Recipe courtesy of Alison Holst
For 4 large servings:
1 tbsp oil
2-4 chopped bacon rashers
1/2-1 tsp minced or finely chopped garlic
1 large onion, peeled and halved
1 medium carrot, scrubbed
2 cups hot water
2 medium-large (about 300g) all- purpose or floury potatoes, scrubbed
1 leek or 2 tender celery stalks (optional)
2-3 tsp instant chicken or bacon stock powder
1/4 cup flour
2 cups milk
2 tsp basil pesto (optional)
440g can cream-style corn
Chopped parsley and chives
In a large pot over a moderate heat, heat the oil, brown 2-4 chopped bacon rashers in the oil, remove and set aside and then add the garlic while you chop the onion into 7mm cubes.
Stir the prepared onion into the oil and keep cooking the mixture while you chop the carrot into 5mm cubes. Add the hot water, then the prepared carrot.
While the mixture simmers, cut the potatoes into 7mm cubes and thinly slice the celery, if using.
Add the vegetables and the stock powder to the pot. Cover and leave the vegetables to finish cooking while you make the sauce.
Melt the butter in a medium-large pot. Stir in the flour and heat until it bubbles, without letting it brown.
Add the milk, half a cup at a time, stirring constantly and bringing to the boil before the next addition.

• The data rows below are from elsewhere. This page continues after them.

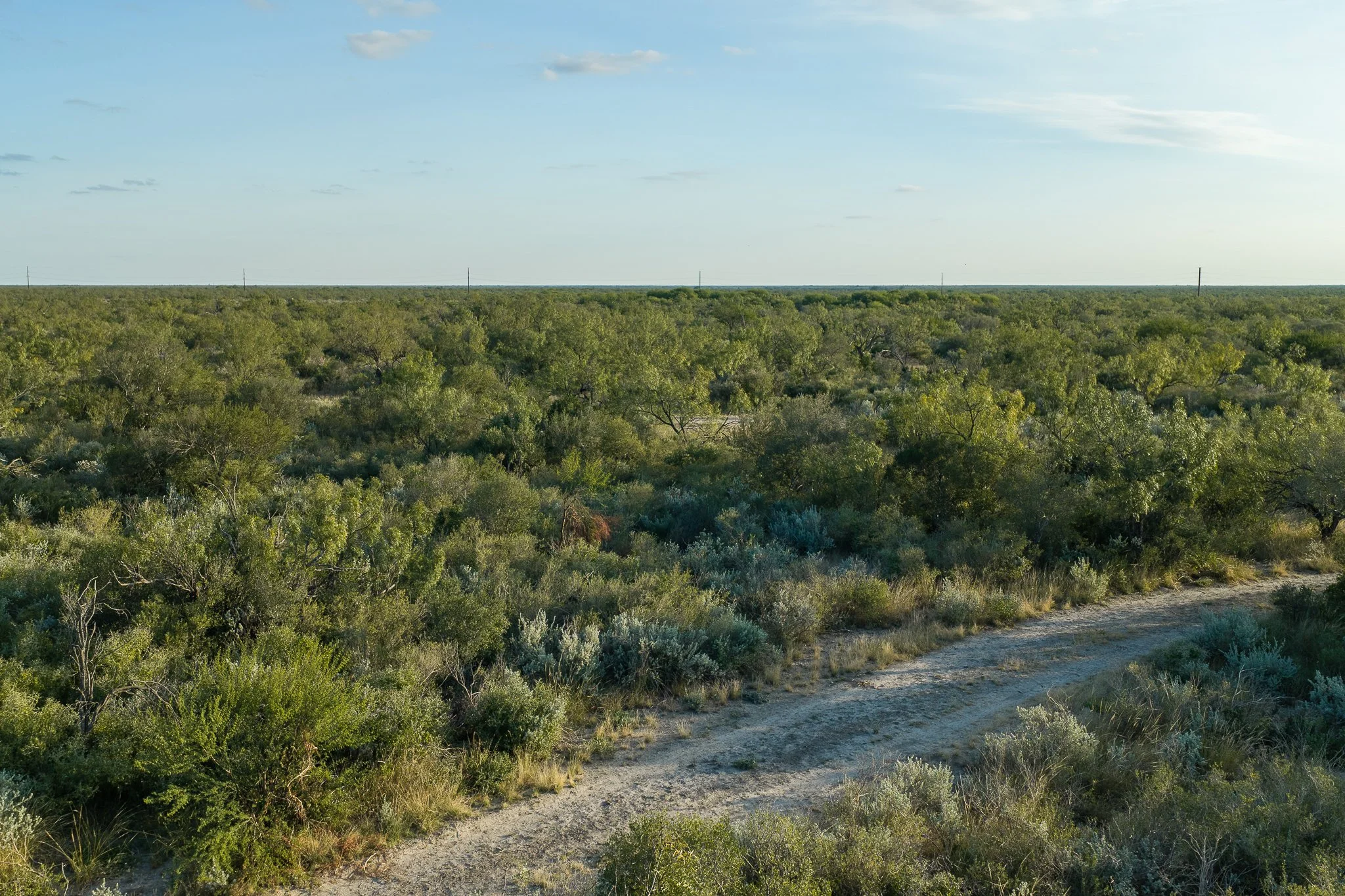 Blue_Rooster_Ranch-59.jpg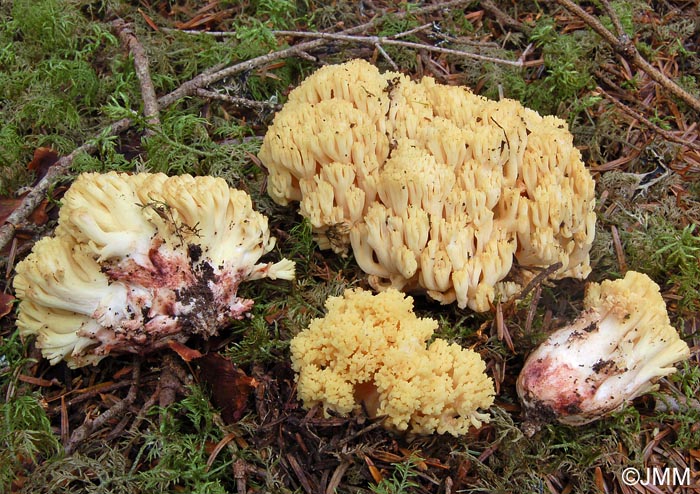 Ramaria sanguinea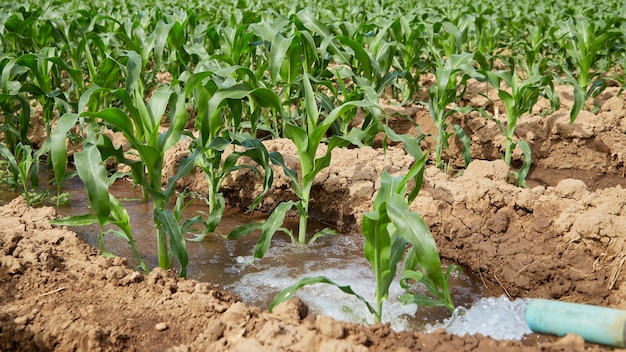 Campo di mais biologico con fogliame verde e steli utilizzato sia per il consumo umano che per l'alimentazione animale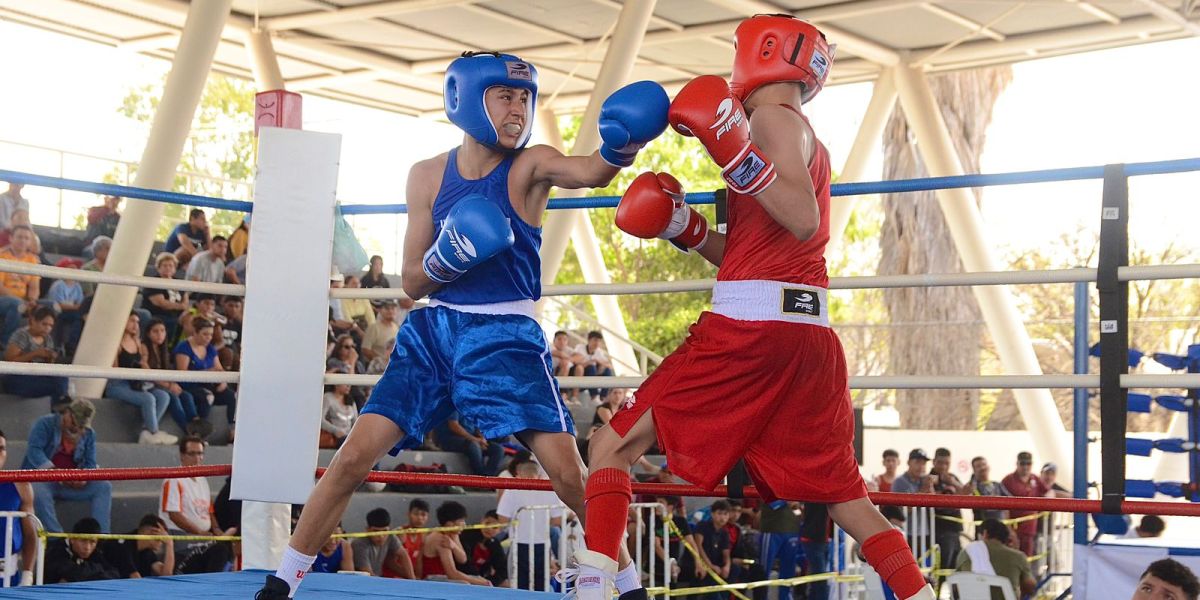 Estatal de Boxeo ¡¡Fuera seconds!!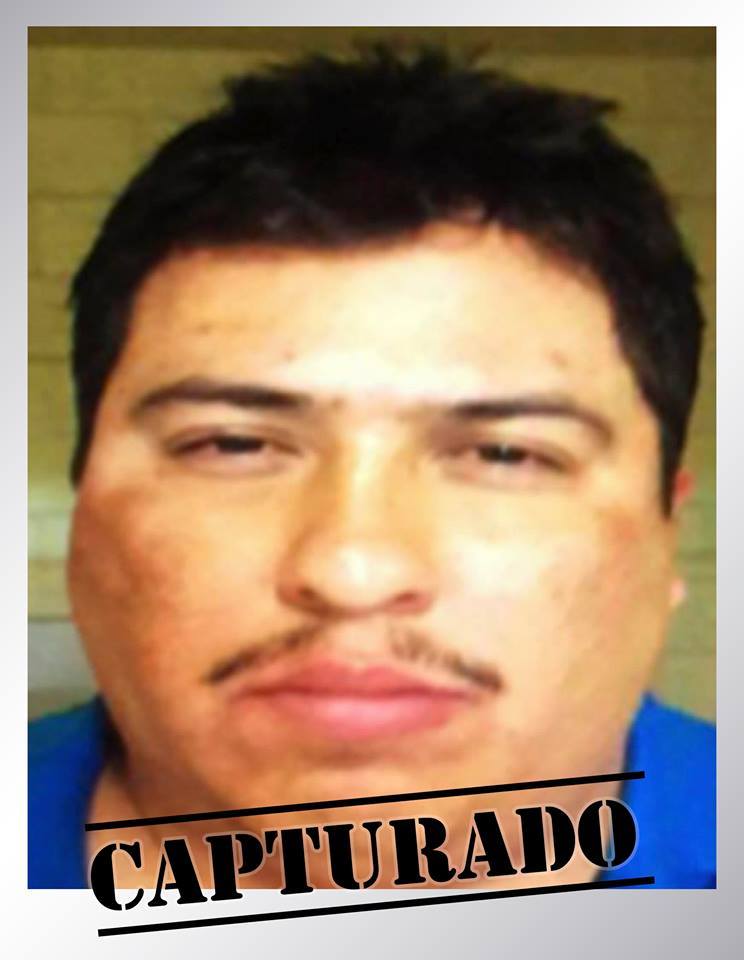 Fue detenido peligroso narcotraficante que operaba en áreas de Tecate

When it boils after the last measure of milk is added, remove the pot from the heat and stir in the pesto, if using, and the corn.
As soon as the potato and carrot are tender, tip the sauce, the cooked bacon and parsley into the large pot with the vegetables.
Stir to mix thoroughly, and cook for a few minutes to heat through, but don't boil. Serve in large bowls with warmed crusty bread or rolls.